4. Do you do hybrid security testing?
We've seen several companies put their application through an automated appsec vulnerability scanner and to go production after the scanner has thrown a clean report. This is not nearly enough. As apps grow more complex in size and architecture, a single avenue of security testing becomes untenable.
A skilled penetration tester can find way more issues than an automated vulnerability scanner can. If you're only using an application security vulnerability scanner, you should seriously consider a hybrid application security test (penetration test).
5. Do you do security code reviews, at least once a year?
Penetration Tests are extremely useful. However, security code reviews are essential to securing applications. Security Code Reviews could be peer-reviewed, with a static/dynamic code review, or expert reviewed. Either way, the important thing is that risky code is being evaluated and red-flagged for developers to fix.
6. Do you track how your vulnerabilities change over time?
As important as it is to test your applications for every new release, it's equally crucial to understand how your security flaws develop or change over time. Did you have more bugs in your source code last month? Maybe now you have more DAST vulnerabilities than before.
It's important to track the health of your apps constantly, monitoring what you're doing right with security and what's not going according to plan. This will let you modify your development or security strategies on the fly. The result? Consistently more secure applications for every release.
7. Do you keep track of all your libraries?
You might be running vulnerability scans on a clockwork schedule, your dev team remediating vulnerabilities like a well-oiled machine. But not all vulnerabilities are created equal. We've seen companies that neglected to delete old, unused libraries from their platform over months or even years of development.
Even if these libraries don't pose a security risk, they're still picked up by scan tools, and could be reported as vulnerabilities. If you don't want to end up like this financial services company that thought they had over 700 new vulnerabilities, find out which libraries you're not using and get rid of them!
8. Do you correlate your vulnerabilities?
It can seem next to impossible for your security team to handle the sheer volume of new vulnerabilities generated by automated tool scans. From organising security flaws and prioritising them, to managing false positives, it can get all get overwhelming way too quickly.
Fortunately, there's a solution to this. Application vulnerability correlation (AVC) platforms will aggregate scan results from your tools, organise them according to category, CVE number and severity level, and identify false positives for you. And they do all of this automatically, significantly reducing the workload on security professionals.
9. Are your devs trained in application security?

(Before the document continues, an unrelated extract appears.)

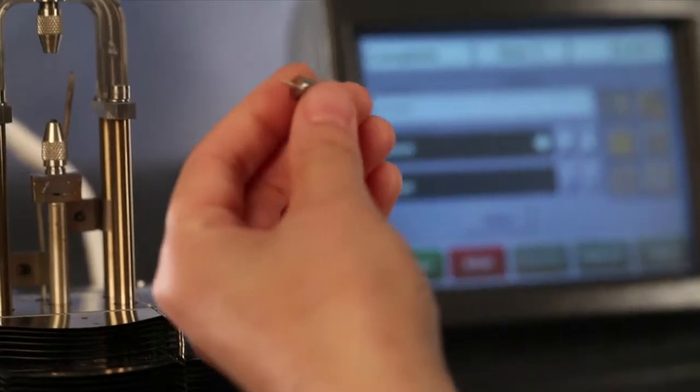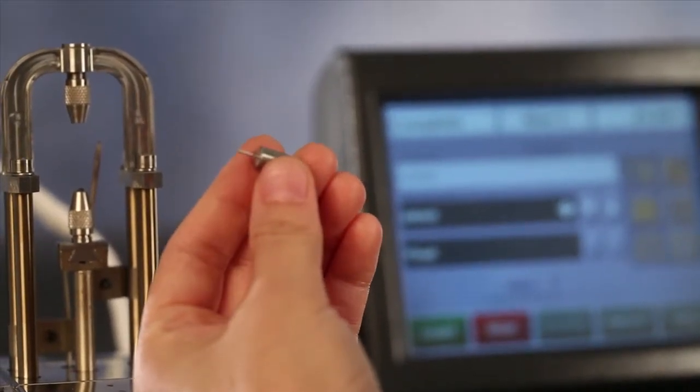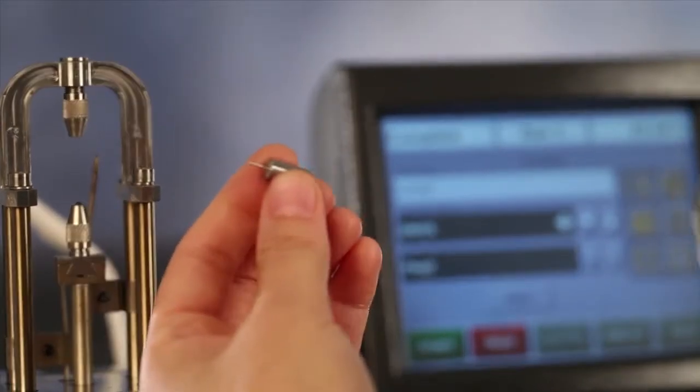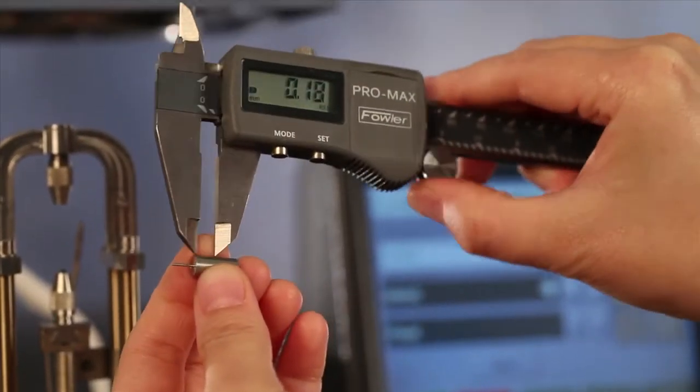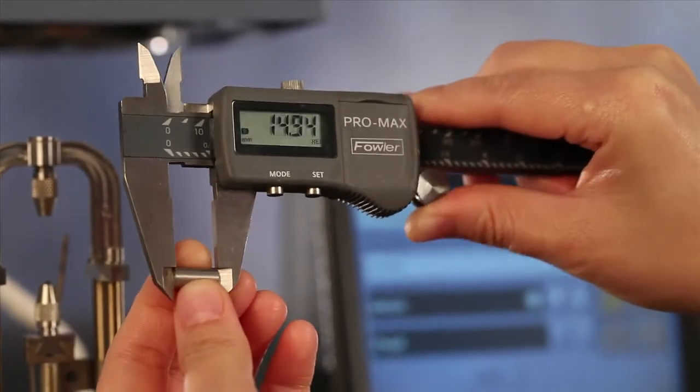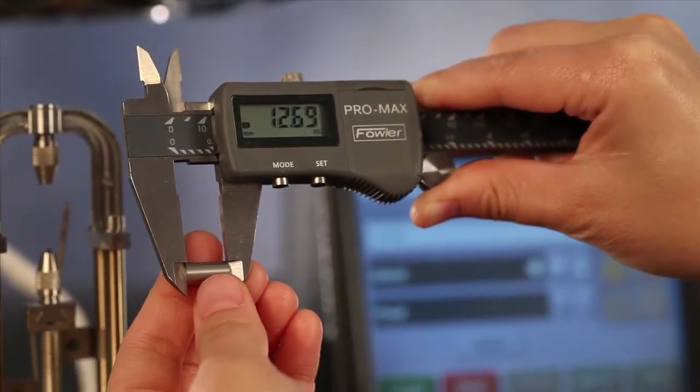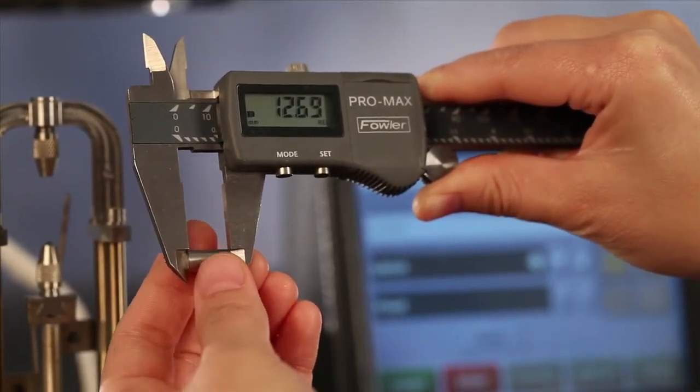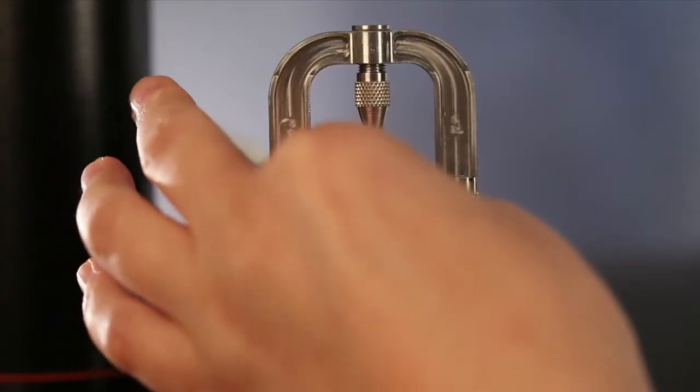Take the offset gauge from the clamp kit. Use a caliper to measure the length of the offset gauge. Then, install this gauge to the upper clamp.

It's not only important for your developers and architects to be aware of application security concepts and practices, they need to be trained periodically on them, too. Application Security is constantly evolving, with newer attacks and vulnerabilities being identified by researchers and blackhats all over the world. Your developers and architects have to be formally trained on the latest appsec techniques and strategies, either workshop-style or through a series of training capsules.
10. Does your management understand the impact of an application security breach?
One of the worst things that can happen to your company is to have management that does not understand/appreciate the impact of application security breaches. Application Security and Information Security are top-down practices that begin in the boardroom. Management that is not aware or concerned with application security results in a company that would probably end up being a breach statistic.